Jpn Circ J. 1991 Jul;55(7):669-75. doi: 10.1253/jcj.55.669.
Forty patients (36 men and 4 women) with life-threatening arrhythmia received an implantable cardioverter defibrillator (ICD). Mean age was 63 years (range, 46 to 80 years). All patients had structural heart disease, with coronary artery disease in 32 patients, idiopathic cardiomyopathy in 7 patients, and hypertensive heart disease in 1 patient. Mean left ventricular ejection fraction was 29 +/- 13%. The clinical arrhythmia was out-of-hospital cardiac arrest in 14 patients (35%), symptomatic sustained ventricular tachycardia in 21 patients (53%), and episodes of syncope without documented spontaneous ventricular arrhythmia but ventricular tachycardia that was easily provoked at the time of electrophysiologic testing in 5 patients (13%). Sustained ventricular tachycardia was induced in 37 patients (93%) at basic electrophysiologic testing. The average number of drug failures was 2.9 +/- 1.4 per patient. One patient (2.5%) died perioperatively because of intractable ventricular tachycardia and ventricular fibrillation. During a median follow-up period of 5.5 months (range 2-21 months) 2 sudden deaths occurred. No patient had a serious complication during the follow-up period. Ten patients (25%) received antiarrhythmic drugs to suppress spontaneous ventricular tachycardia. Appropriate shock treatment was received by 18 patients (45%), and inappropriate shock treatment was received by 2 patients (5%). Several issues regarding use of the ICD must be considered, but the device seems to be useful, and it is associated with an acceptable rate of complications and good long-term success at the present time.

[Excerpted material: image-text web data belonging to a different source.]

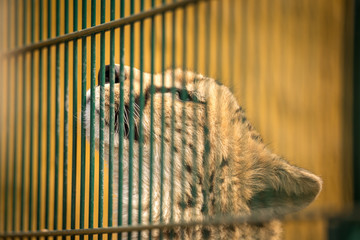 Sad cheetah closed behind the bars in a cage. © petrsvoboda91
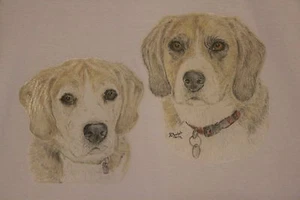Beagle T-Shirt or Sweatshirt Unique drawn designs sizes 3-6 mth - XXL FREE P&P - Picture 1 of 1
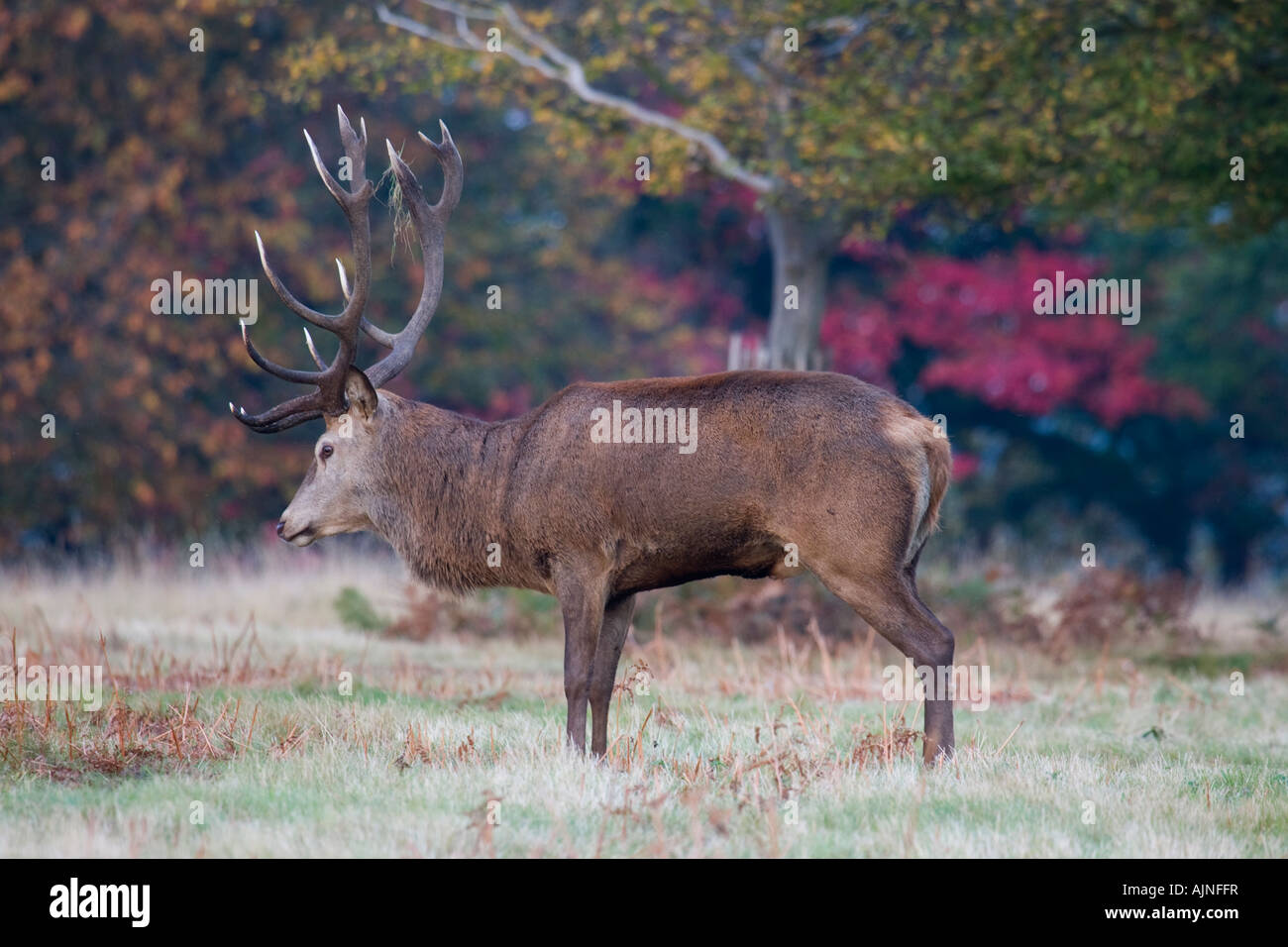 Red deer Richmond Park London England UK Stock Photo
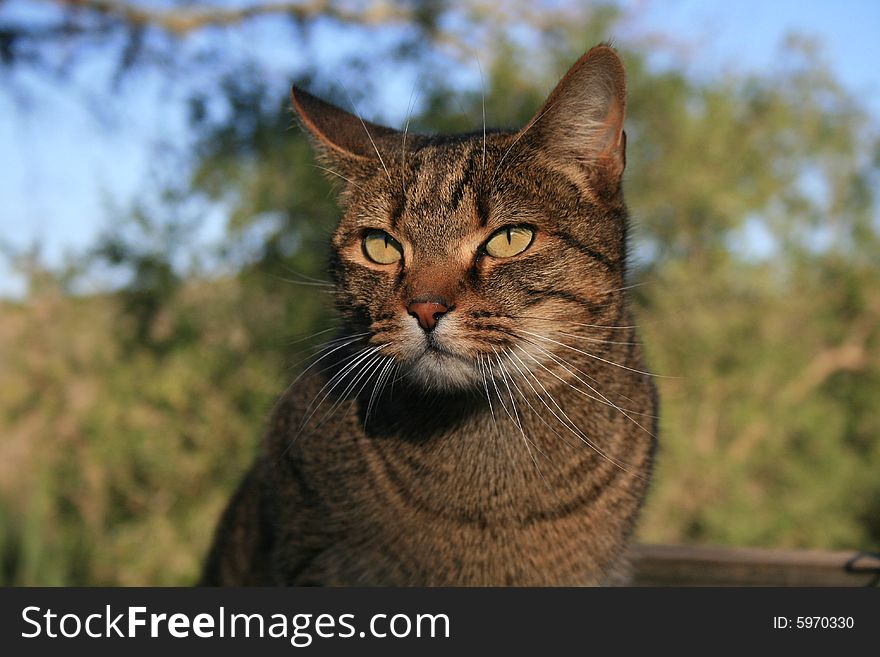 A beautiful farm cat with green eyes looking for food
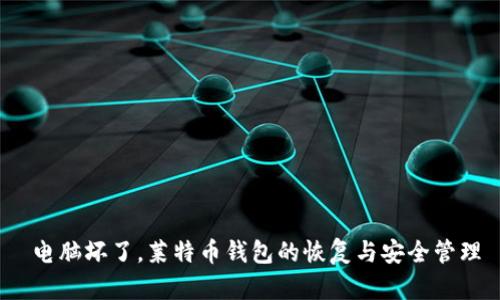  电脑坏了，莱特币钱包的恢复与安全管理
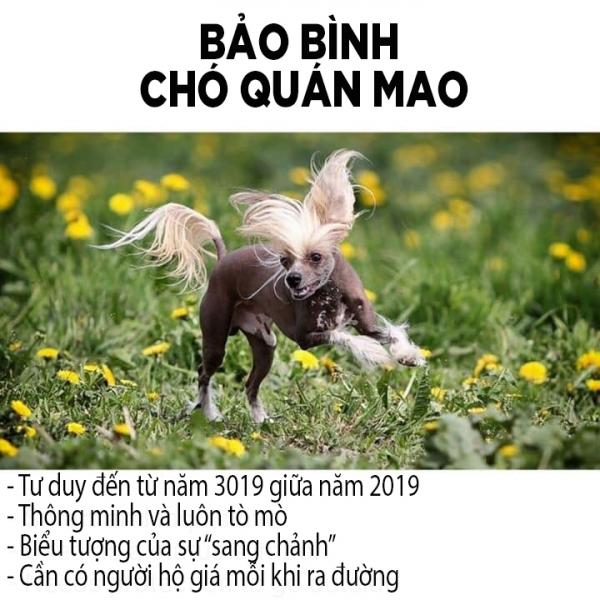 Các chòm sao sẽ tương ứng với giống chó nào? Các chòm sao sẽ tương ứng với giống chó nào?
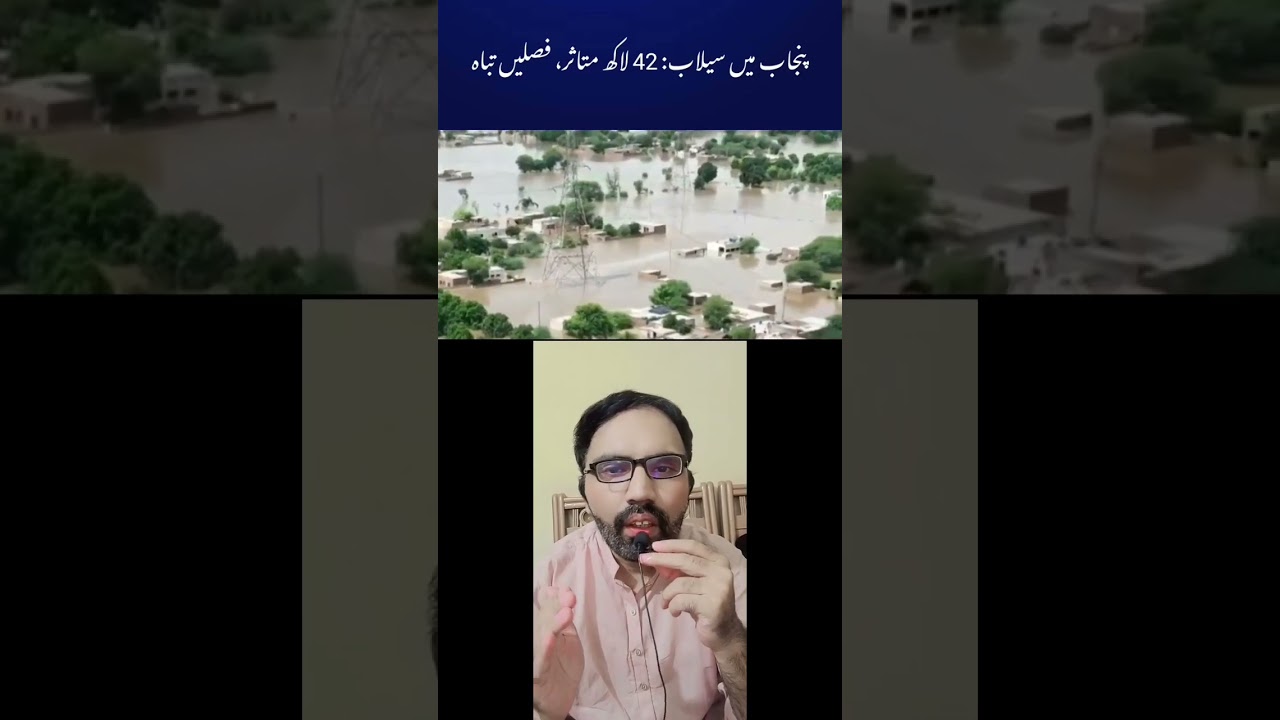 Punjab Floods: 4.2 Million Affected, Crops Destroyed**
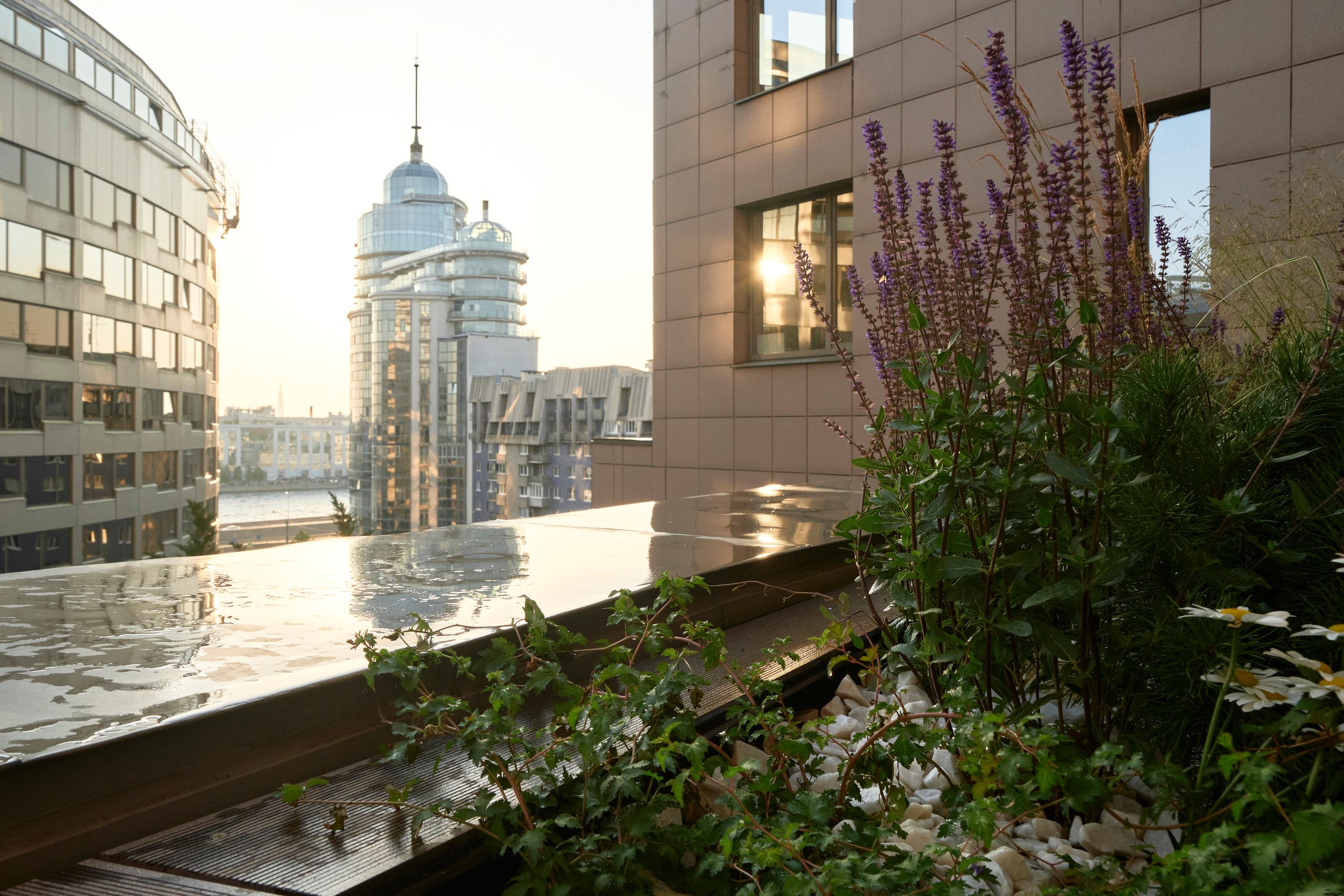 Ландшафтный и интерьерный фотограф Наталья Соловьева. Фотосъемка озеленения террасы в ЖК Монблан для студии Зелен | interioto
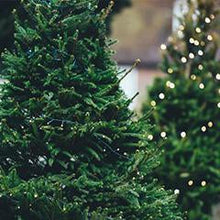 Load image into Gallery viewer, Christmas Tree 15ml Oil (wholesale)-Wholesale-Angel Aromatics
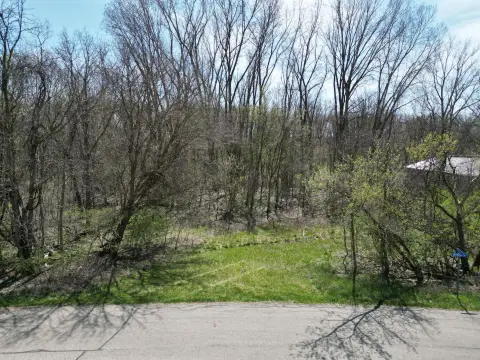 Commercial Lot in Ionia, MI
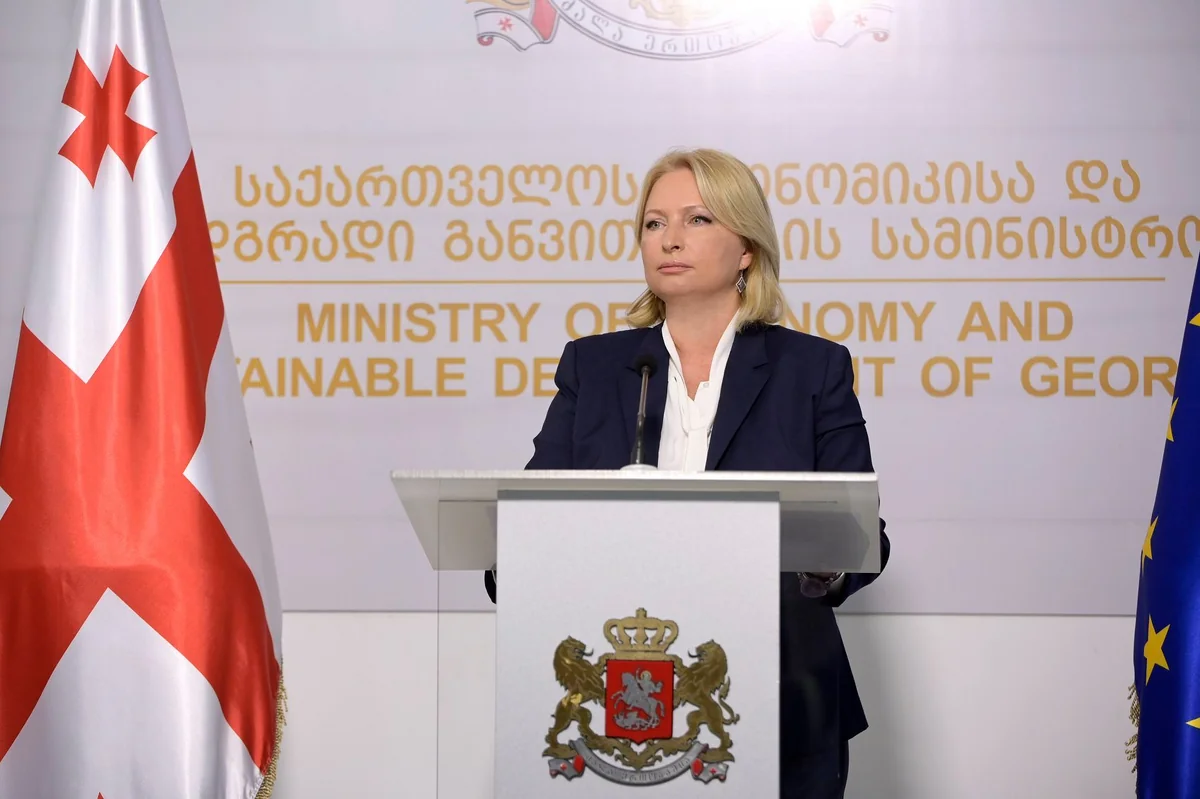 Gürcü nazir: “Lari ilə bağlı mənfi gözləntilər yoxdur”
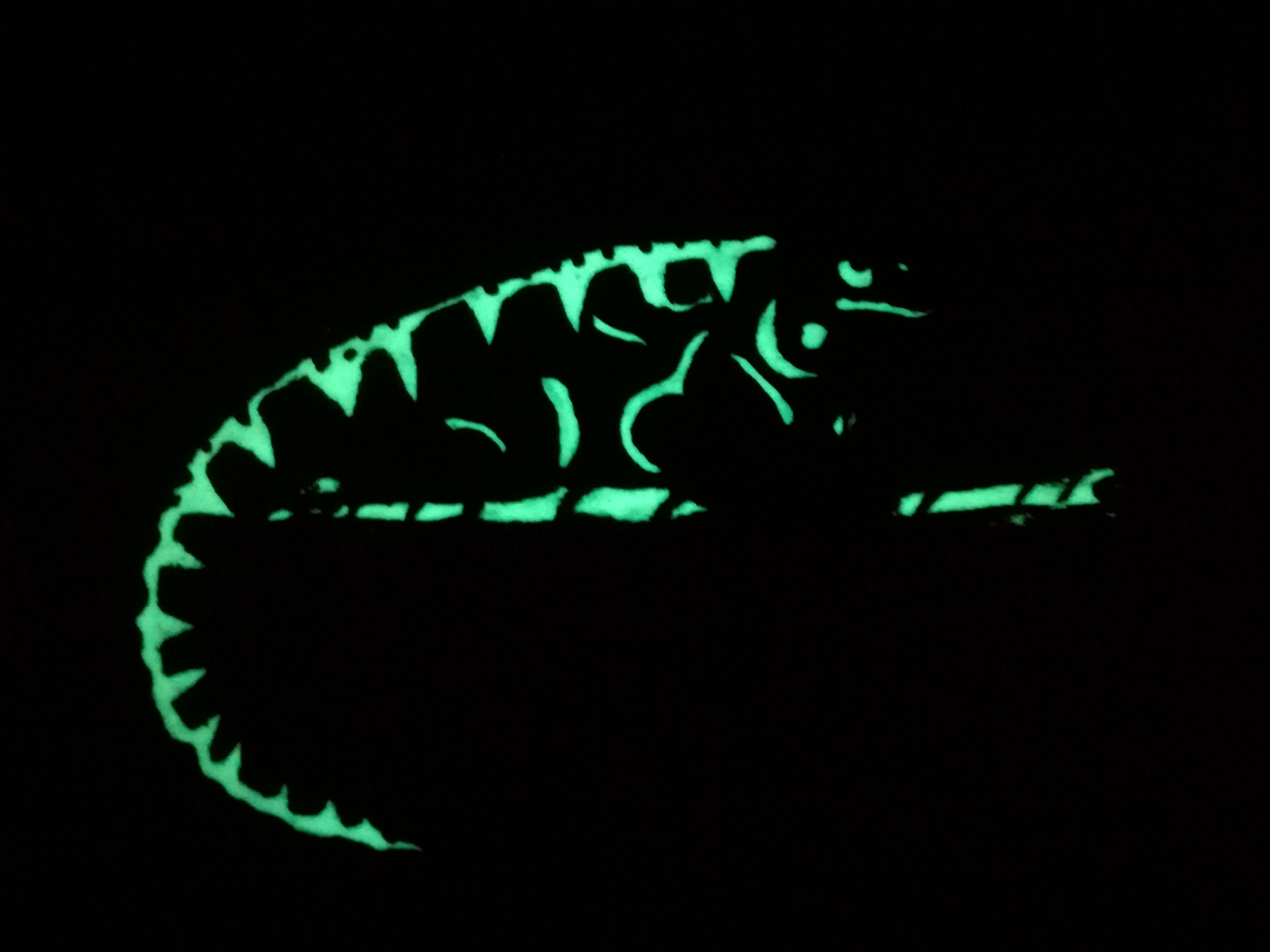 Fotoiluminescęcja . Jaszczur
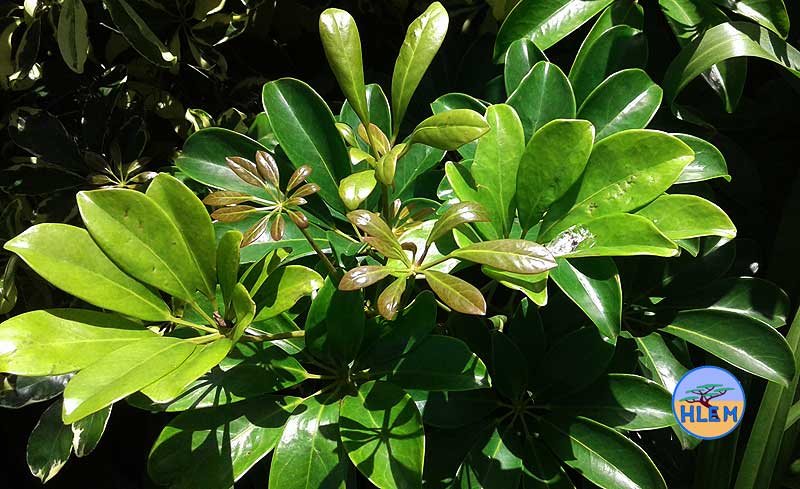 HLEM Dwarf umbrella tree Schefflera arboricola leaves  NEMBA cat 3 alien invasive weed control durban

40例有危及生命心律失常的患者(36例男性,4例女性)接受了植入式心脏复律除颤器(ICD)治疗。平均年龄63岁(范围46至80岁)。所有患者均有结构性心脏病,其中32例患有冠状动脉疾病,7例患有特发性心肌病,1例患有高血压性心脏病。平均左心室射血分数为29±13%。临床心律失常情况为:14例患者(35%)发生院外心脏骤停,21例患者(53%)出现有症状的持续性室性心动过速,5例患者(13%)出现无记录的自发性室性心律失常但在电生理检查时容易诱发室性心动过速的晕厥发作。在基础电生理检查中,37例患者(93%)诱发出持续性室性心动过速。每位患者平均药物治疗失败次数为2.9±1.4次。1例患者(2.5%)围手术期因顽固性室性心动过速和心室颤动死亡。在中位随访期5.5个月(范围2至21个月)内发生了2例猝死。随访期间无患者出现严重并发症。10例患者(25%)接受抗心律失常药物以抑制自发性室性心动过速。18例患者(45%)接受了适当的电击治疗,2例患者(5%)接受了不适当的电击治疗。关于ICD的使用必须考虑几个问题,但目前该装置似乎是有用的,并且其并发症发生率可接受,长期成功率良好。